_What to produce_
Copy each line of the records that holds the string "Building".

_Data_
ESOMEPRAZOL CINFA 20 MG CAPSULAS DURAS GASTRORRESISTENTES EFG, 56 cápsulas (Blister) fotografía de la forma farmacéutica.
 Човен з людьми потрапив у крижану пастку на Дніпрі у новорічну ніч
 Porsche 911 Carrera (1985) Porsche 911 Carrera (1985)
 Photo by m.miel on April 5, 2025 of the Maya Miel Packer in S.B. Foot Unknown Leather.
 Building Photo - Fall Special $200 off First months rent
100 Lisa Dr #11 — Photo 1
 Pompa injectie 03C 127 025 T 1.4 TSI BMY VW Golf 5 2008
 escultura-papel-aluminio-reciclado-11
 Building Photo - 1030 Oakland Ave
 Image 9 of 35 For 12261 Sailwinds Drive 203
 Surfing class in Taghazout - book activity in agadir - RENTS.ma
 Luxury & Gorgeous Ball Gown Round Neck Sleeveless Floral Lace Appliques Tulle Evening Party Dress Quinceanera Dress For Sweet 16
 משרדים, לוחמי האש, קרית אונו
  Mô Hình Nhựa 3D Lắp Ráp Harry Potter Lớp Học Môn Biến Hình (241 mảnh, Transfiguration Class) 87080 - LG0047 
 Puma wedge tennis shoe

_Result of this exercise_
 Building Photo - Fall Special $200 off First months rent
 Building Photo - 1030 Oakland Ave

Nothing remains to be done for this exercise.